Tulane (1-2) pounced on the Lions (2-1) early, swallowing up the read-option and allowing Lee time to complete pinpoint passes all over the field in the first half, despite facing an array of heavy blitzes. The freshman finished with 238 yards and three touchdowns, despite completing just 14 of 30 attempts and tossing two interceptions.

“I thought he was excellent,” Tulane coach Curtis Johnson said. “He just has ice water in his veins.”

After being held scoreless in the second half of last week’s 38-21 loss to Georgia Tech, Tulane’s offense immediately shook off any signs of rust, scoring three touchdowns before the midway point of the second quarter. While Southeastern aided the Green Wave with more than 100 yards in penalties during the first half alone, Tulane’s ability to convert third downs and gain yards in chunks kept the pressure on a Lions defense used to bullying its opponents from ahead.

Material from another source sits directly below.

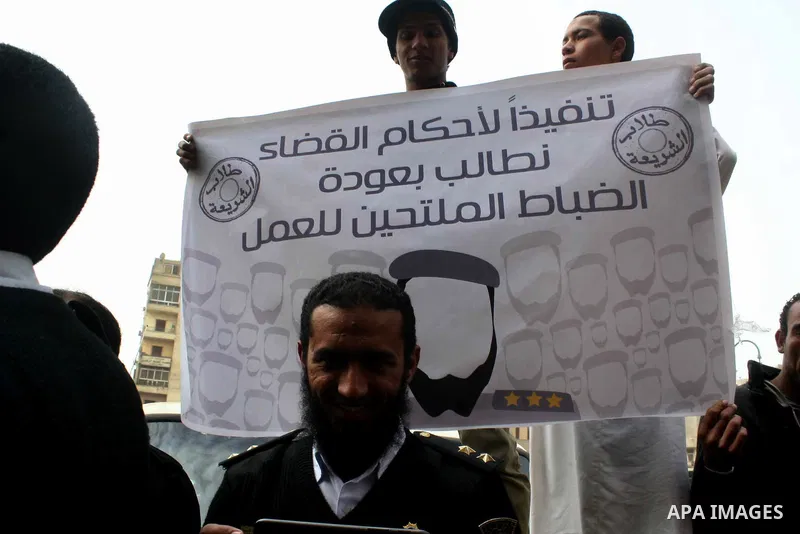 Egyptian protesters take part in a demonstration in support for bearded policemen, in front of al-Azhar mosque, Cairo, Egypt, 08 March 2013. Some bearded Policemen staged a sit-in earlier in the week in Cairo, demanding...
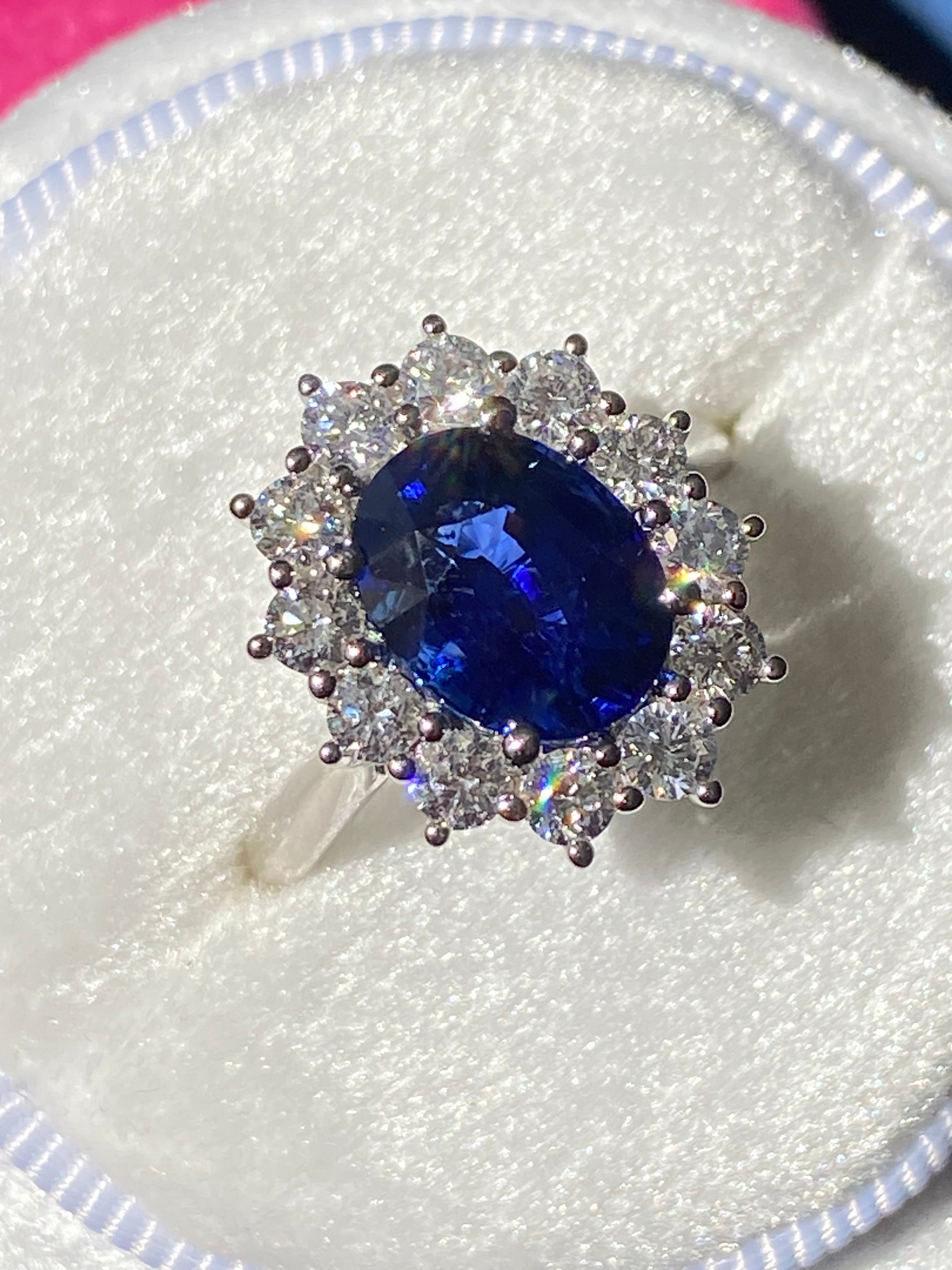 3.17 Carat Blue Ceylon Sapphire and 0.87 CTW Natural Diamond Halo Ring in Platinum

The message from Johnson to look beyond Southeastern’s FCS status and see a talented team capable of winning a championship appeared to resonate with his team. Tulane was anything but flat to start the game.

Instead, the Wave jumped on top midway through the first quarter when Lee converted a pair of third-and-longs, setting up Sherman Badie’s 11-yard touchdown run. Then the Green Wave opened the second quarter deep in Lions territory thanks to a pair of personal fouls, leading to Lee’s 15-yard fade pass that connected with a striding Justyn Shackleford in the corner of the end zone.

Unlike the previous two weeks, Tulane didn’t ease off the gas.

Instead, Badie burst through the line for a 30-yard gain to put Tulane in striking distance. SLU boosted the field position by committing another personal foul and later a pass interference, setting up Lazedrick Thompson’s 1-yard plunge to push the lead to 21-0.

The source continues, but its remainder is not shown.